Python Development Guide¶
This page provides an introduction to Python programming with Bodo and explains its important concepts briefly.
Installation¶
Install Bodo to get started with Python development (e.g., pip install bodo
or conda install bodo -c bodo.ai -c conda-forge
).
Data Transform Example with Bodo¶
We use a simple data transformation example to discuss some of the key Bodo concepts.
Generate data¶
Let's generate some example data and write to a Parquet file:
import pandas as pd
import numpy as np
# 10m data points
df = pd.DataFrame(
{
"A": np.repeat(pd.date_range("2013-01-03", periods=1000), 10_000),
"B": np.arange(10_000_000),
}
)
# set some values to NA
df.iloc[np.arange(1000) * 3, 0] = pd.NA
# using row_group_size helps with efficient parallel read of data later
df.to_parquet("pd_example.pq", row_group_size=100_000)

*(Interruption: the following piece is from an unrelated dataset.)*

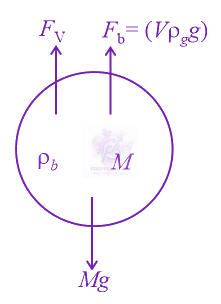 NEET 2021 Physics, Mechanical Properties of Fluids — solution figure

Save this code in gen_data.py
and run in command line:
Example Pandas Code¶
Here is a simple data transformation code in Pandas that processes a column of datetime values and creates two new columns:
import pandas as pd
import time
def data_transform():
t0 = time.time()
df = pd.read_parquet("pd_example.pq")
df["B"] = df.apply(lambda r: "NA" if pd.isna(r.A) else "P1" if r.A.month < 5 else "P2", axis=1)
df["C"] = df.A.dt.month
df.to_parquet("pandas_output.pq")
print("Total time: {:.2f}".format(time.time() - t0))
if __name__ == "__main__":
data_transform()
Save this code in data_transform.py
and run in command line:
Standard Python is quite slow for these data transforms since:
- The use of custom code inside
apply()
does not let Pandas run an optimized prebuilt C library in its backend. Therefore, the Python interpreter overheads dominate. - Python uses a single CPU core and does not parallelize computation.
Bodo solves both of these problems as we demonstrate below.
Using the Bodo JIT Decorator¶
Bodo optimizes and parallelizes data workloads by providing just-in-time
(JIT) compilation. This code is identical to the original Pandas code,
except that it annotates the data_transform
function with the
bodo.jit
decorator:
import pandas as pd
import time
import bodo
@bodo.jit
def data_transform():
t0 = time.time()
df = pd.read_parquet("pd_example.pq")
df["B"] = df.apply(lambda r: "NA" if pd.isna(r.A) else "P1" if r.A.month < 5 else "P2", axis=1)
df["C"] = df.A.dt.month
df.to_parquet("bodo_output.pq")
print("Total time: {:.2f}".format(time.time()-t0))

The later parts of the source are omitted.